= Twelf =

Logic programming language

Twelf is an implementation of the logical framework LF developed by Frank Pfenning and Carsten Schürmann at Carnegie Mellon University. It is used for logic programming and for the formalization of programming language theory.

==Introduction==

At its simplest, a Twelf program (called a "signature") is a collection of declarations of type families (relations) and constants that inhabit those type families. For example, the following is the standard definition of the natural numbers, with z standing for zero and s the successor operator.

nat : type.

z : nat.
s : nat -> nat.

Here nat is a type, and z and s are constant terms. As a dependently typed system, types can be indexed by terms, which allows the definition of more interesting type families. Here is a definition of addition:

plus : nat -> nat -> nat -> type.

plus_zero : {M:nat} plus M z M.

plus_succ : {M:nat} {N:nat} {P:nat}
            plus M (s N) (s P)
         <- plus M N P.

The type family plus is read as a relation between three natural numbers M, N and P, such that M + N = P. We then give the constants that define the relation: the constant plus_zero indicates that M + 0 = M. The quantifier {M:nat} can be read as "for all M of type nat".

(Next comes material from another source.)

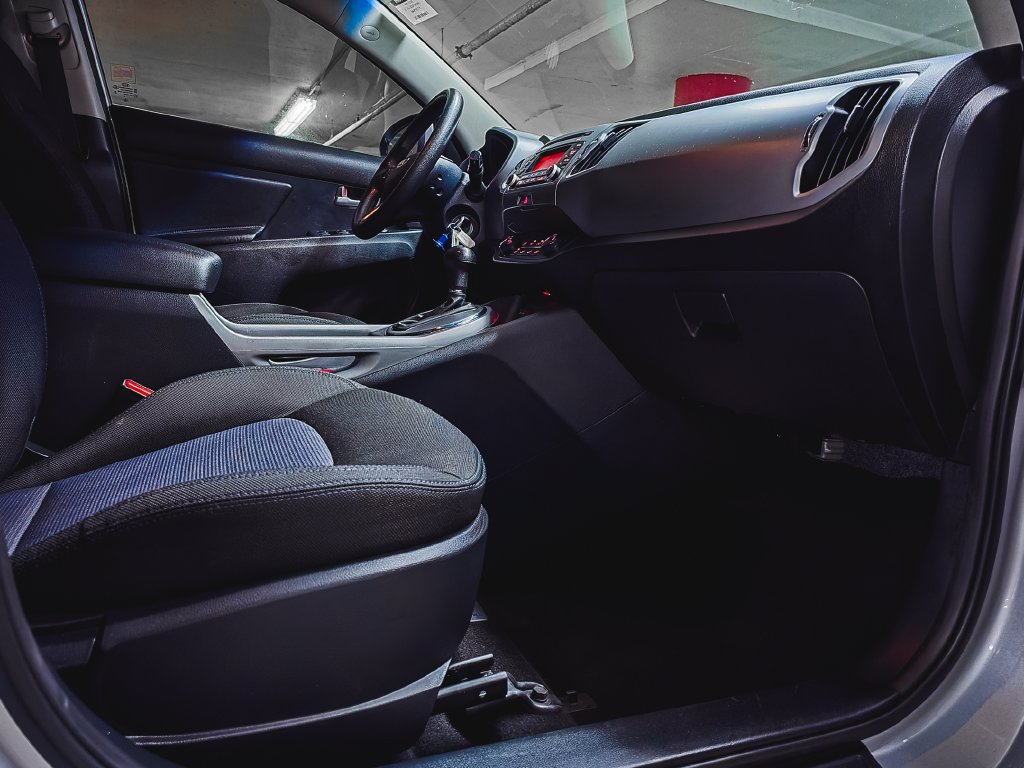 Used 2015 Kia Sportage LX FWD image 32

The constant plus_succ defines the case for when the second argument is the successor of some other number N (see pattern matching). The result is the successor of P, where P is the sum of M and N. This recursive call is made via the subgoal plus M N P, introduced with <-. The arrow can be understood operationally as Prolog's :-, or as logical implication ("if M + N = P, then M + (s N) = (s P)"), or most faithfully to the type theory, as the type of the constant plus_succ ("when given a term of type plus M N P, return a term of type plus M (s N) (s P)").

Twelf features type reconstruction and supports implicit parameters, so in practice, one usually does not need to explicitly write {M:nat} (etc.) above.

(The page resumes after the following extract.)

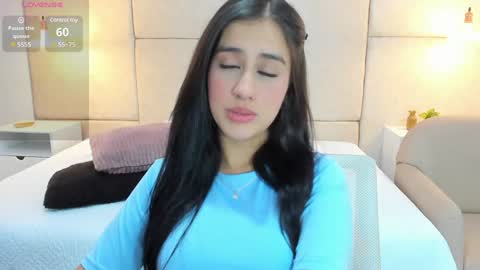 Snapshot of amiirra_ chatting on 12-21-24, 08:00 Amira sweet online show from 12-21-24, 08:00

These simple examples do not display LF's higher-order features, nor any of its theorem checking capabilities. See the Twelf distribution for its included examples.

==Uses==
===Logic programming===
Twelf signatures can be executed via a search procedure. Its core is more sophisticated than Prolog, since it is higher-order and dependently typed, but it is restricted to pure operators: there is no cut or other extralogical operators (such as ones for performing I/O) as are often found in Prolog implementations, which may make it less well-suited for practical logic programming applications. Some uses of Prolog's cut rule can be obtained by declaring that certain operators belong to deterministic type families, which avoids recalculation. Also, like λProlog, Twelf generalizes Horn clauses to hereditary Harrop formulas, which allow for logically well-founded operational notions of fresh-name generation and scoped extension of the clause database.

===Formalizing mathematics===
Twelf is mainly used today as a system for formalizing mathematics, especially the metatheory of programming languages. As such, it is closely related to Rocq and Isabelle/HOL/HOL Light. However, unlike those systems, Twelf proofs are typically developed by hand. Despite this, for the problem domains at which it excels, Twelf proofs are often shorter and easier to develop than in the automated, general-purpose systems.

Twelf's built-in notion of binding and substitution facilitates the encoding of programming languages and logics, most of which make use of binding and substitution, which can often be directly encoded through higher-order abstract syntax (HOAS), where the meta-language's binders represent the object-level binders. Thus standard theorems such as type-preserving substitution and alpha conversion come "for free".

Twelf has been used to formalize many different logics and programming languages (examples are included with the distribution). Among the larger projects are a proof of safety for Standard ML, a foundational typed assembly language system from CMU, and a foundational proof carrying code system from Princeton.

==Implementation==

Twelf is written in Standard ML, and binaries are available for Linux and Windows. As of Aug 2026, it is no longer undergoing active development. The Twelf wiki, however, is still maintained.

=== System for Totality in the Edinburgh Logical Framework (STELF) ===
The System for Totality in the Edinburgh Logical Framework (STELF) is a version of Twelf rewritten in OCaml, with a new syntax. It is currently undergoing development, on Github.

The above code would be written as

%sort nat %.

%term z nat %.
%term s %pi nat %-> nat %.

And also

%sort plus {_ nat} {_ nat} {_ nat} %.
%term plus/zero {M nat} plus M z M %.

%term plus/succ {M nat} {N nat} {P nat}
        %if plus M N P
        %-> plus M (s N) (s P)
        %.
Note that the each %. in the above is only required in the above if it is entered at the REPL (in which case it must be entered to signal the end of the command).